On October 24, 2009 at approximately 4:15 a.m. a Nissan was north bound on the Seaford Oyster Bay Expressway when the driver, the son of the owner, saw a license plate in the roadway and attempted to avoid hitting it. The Nissan swerved, lost control and then struck a concrete divider wall. The operator of the vehicle stated that following the one car accident, he collected the license plate and called a tow truck to come remove his vehicle.
Following the accident, the Suffolk operator of the Nissan discovered that the license plate had come from a vehicle that had been involved in an accident on the opposite side of the expressway six days earlier. He filed a lawsuit claiming that the tow truck company that had removed the driver’s vehicle from the first accident had not removed the debris from the roadway properly according to Traffic Law § 1219 (c ).
Vehicle and Traffic Law § 1219 (c ) states that “[a]ny person removing a wrecked or damaged vehicle from a highway shall remove any glass or other injurious substance dropped upon the highway from such vehicle”. Several precedent cases were discussed with varying degrees of applications to the accident in question. Ultimately the question at hand deals with the liability of the tow truck driver or the owner of the vehicle from the previous accident to be responsible for any debris that was left in the roadway that could and did cause an additional accident.

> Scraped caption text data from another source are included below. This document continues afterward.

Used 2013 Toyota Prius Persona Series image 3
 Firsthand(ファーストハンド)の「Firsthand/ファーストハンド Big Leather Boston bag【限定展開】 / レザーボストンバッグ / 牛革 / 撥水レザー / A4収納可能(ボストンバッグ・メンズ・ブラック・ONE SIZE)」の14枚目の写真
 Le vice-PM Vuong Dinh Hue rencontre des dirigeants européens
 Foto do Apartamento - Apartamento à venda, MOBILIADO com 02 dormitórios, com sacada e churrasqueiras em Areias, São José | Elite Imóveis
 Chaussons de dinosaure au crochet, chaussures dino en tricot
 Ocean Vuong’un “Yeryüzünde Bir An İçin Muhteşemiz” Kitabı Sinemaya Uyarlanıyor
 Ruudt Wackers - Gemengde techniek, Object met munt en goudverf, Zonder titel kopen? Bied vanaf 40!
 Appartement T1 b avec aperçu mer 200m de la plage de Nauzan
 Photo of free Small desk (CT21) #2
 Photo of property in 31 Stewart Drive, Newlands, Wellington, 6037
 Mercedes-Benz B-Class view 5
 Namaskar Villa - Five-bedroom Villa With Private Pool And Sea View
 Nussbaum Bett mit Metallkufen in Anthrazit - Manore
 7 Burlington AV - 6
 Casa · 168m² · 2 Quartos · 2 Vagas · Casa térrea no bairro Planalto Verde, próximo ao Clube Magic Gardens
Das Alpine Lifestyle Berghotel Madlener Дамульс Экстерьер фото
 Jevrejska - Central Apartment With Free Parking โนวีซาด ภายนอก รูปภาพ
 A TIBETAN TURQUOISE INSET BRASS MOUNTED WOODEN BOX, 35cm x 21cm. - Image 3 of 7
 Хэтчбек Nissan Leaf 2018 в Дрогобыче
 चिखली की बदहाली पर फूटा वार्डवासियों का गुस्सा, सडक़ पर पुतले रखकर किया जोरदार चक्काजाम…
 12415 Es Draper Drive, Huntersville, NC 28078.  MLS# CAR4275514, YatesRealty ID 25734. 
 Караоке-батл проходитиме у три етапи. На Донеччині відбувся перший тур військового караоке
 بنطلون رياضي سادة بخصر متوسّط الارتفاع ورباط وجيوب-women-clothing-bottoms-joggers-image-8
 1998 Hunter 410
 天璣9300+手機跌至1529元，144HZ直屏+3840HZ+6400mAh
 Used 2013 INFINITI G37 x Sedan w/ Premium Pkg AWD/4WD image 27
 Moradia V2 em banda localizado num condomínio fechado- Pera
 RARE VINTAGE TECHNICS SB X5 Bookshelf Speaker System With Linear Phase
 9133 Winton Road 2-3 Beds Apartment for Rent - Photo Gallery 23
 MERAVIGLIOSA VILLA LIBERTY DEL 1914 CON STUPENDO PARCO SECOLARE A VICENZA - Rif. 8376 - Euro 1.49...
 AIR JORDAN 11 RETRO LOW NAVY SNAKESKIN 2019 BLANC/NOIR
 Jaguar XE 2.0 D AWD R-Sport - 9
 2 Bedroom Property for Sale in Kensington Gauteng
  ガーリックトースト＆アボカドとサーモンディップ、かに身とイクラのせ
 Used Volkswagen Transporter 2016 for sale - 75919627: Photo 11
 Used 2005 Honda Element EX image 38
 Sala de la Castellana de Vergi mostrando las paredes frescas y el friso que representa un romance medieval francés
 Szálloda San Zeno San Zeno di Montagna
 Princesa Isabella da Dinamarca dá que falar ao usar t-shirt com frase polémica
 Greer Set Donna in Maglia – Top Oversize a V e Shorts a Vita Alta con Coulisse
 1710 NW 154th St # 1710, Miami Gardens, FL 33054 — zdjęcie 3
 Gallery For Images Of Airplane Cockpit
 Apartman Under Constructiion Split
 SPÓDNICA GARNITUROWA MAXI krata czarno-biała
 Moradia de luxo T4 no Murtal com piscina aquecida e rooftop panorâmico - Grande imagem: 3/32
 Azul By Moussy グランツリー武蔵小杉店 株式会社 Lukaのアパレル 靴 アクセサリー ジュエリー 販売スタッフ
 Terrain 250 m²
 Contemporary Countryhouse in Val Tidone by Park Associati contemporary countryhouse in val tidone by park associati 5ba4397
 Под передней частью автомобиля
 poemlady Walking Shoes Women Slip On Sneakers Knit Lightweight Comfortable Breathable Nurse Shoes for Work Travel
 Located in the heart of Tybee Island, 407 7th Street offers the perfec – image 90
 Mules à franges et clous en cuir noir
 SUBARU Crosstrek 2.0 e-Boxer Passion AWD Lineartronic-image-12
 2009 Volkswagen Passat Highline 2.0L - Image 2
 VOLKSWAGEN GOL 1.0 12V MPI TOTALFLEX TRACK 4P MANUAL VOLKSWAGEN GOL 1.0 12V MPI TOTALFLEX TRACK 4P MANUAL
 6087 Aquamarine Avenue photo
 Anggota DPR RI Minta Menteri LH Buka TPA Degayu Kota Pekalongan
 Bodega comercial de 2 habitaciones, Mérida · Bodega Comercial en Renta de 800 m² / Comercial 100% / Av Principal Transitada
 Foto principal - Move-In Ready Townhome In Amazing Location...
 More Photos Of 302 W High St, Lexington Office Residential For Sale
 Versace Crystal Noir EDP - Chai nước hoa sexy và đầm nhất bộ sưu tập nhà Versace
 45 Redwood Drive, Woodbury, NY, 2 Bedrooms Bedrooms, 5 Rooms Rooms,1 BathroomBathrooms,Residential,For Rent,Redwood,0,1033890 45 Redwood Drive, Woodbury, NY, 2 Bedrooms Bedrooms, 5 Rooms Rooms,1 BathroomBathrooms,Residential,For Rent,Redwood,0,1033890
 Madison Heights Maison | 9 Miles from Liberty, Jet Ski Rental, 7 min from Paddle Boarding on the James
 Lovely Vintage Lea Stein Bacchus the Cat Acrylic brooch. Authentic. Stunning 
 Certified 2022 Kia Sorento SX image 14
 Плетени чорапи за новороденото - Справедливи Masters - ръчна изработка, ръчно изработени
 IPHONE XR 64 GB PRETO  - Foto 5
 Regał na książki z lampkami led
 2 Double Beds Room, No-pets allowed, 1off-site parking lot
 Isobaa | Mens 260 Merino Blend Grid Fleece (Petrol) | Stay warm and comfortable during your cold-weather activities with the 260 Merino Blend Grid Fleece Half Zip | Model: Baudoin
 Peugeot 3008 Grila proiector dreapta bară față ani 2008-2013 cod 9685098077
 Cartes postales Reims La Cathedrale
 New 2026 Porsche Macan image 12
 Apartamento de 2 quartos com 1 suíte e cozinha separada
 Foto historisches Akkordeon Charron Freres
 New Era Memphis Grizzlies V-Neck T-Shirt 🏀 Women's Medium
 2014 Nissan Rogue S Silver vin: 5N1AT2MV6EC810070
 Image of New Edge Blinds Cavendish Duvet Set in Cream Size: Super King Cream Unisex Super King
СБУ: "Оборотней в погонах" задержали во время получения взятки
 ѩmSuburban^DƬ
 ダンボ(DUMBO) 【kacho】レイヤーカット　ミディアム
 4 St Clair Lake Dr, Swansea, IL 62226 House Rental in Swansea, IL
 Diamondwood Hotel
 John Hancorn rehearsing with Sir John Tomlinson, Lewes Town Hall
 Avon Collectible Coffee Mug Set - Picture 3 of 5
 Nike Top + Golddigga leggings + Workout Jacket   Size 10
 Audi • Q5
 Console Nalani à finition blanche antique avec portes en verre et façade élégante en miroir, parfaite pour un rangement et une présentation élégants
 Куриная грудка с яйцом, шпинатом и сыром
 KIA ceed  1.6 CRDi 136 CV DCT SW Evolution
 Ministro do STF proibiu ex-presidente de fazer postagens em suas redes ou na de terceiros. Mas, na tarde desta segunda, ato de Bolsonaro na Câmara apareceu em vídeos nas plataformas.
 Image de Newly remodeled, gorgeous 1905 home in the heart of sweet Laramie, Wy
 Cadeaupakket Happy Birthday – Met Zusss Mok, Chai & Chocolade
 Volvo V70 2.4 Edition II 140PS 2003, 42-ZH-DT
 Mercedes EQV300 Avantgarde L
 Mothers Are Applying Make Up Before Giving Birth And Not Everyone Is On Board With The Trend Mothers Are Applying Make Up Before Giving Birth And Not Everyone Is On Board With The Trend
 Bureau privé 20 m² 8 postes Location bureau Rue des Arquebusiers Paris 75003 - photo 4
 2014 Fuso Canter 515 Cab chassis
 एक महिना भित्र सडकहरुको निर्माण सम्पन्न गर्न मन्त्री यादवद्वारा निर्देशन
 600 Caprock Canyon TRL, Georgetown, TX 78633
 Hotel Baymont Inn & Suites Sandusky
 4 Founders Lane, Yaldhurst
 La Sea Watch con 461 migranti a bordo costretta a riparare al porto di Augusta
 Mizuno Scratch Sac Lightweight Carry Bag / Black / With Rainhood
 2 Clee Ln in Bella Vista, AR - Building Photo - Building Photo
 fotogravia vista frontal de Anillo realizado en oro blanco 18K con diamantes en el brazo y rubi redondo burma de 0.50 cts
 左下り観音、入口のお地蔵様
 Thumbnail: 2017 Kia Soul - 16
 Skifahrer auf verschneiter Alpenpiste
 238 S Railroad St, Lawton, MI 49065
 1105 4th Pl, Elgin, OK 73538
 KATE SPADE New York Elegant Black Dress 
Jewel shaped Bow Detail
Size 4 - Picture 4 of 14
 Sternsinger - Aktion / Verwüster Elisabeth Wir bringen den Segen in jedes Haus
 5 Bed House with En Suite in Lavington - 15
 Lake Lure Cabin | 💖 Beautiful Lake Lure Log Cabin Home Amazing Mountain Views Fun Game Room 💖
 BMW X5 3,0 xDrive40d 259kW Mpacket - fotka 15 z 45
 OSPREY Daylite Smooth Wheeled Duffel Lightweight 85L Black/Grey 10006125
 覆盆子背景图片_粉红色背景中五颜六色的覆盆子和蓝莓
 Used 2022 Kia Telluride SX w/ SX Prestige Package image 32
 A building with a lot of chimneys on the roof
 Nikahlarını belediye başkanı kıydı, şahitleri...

The Supreme Court in this case was approached the night before trial with a request for summary judgment in the case of the owner of the vehicle that was involved in the first accident. It was decided that since she had no knowledge or responsibility to the removal of the vehicle which was done by the tow service that her request for summary judgment was appropriate and was approved.
The second request for Summary Judgment came from the tow service because they state that they were hired and directed by the City and that they responded accordingly. They were dispatched to the one side of the expressway where they collected a vehicle and cleared all debris. They were unaware of any debris that had gone over the median wall onto the other side of the expressway and did not intentionally leave any debris behind.
The Nassau Court agreed and so ordered for summary judgment on the side of the towing service that no liability be assigned to them in this case.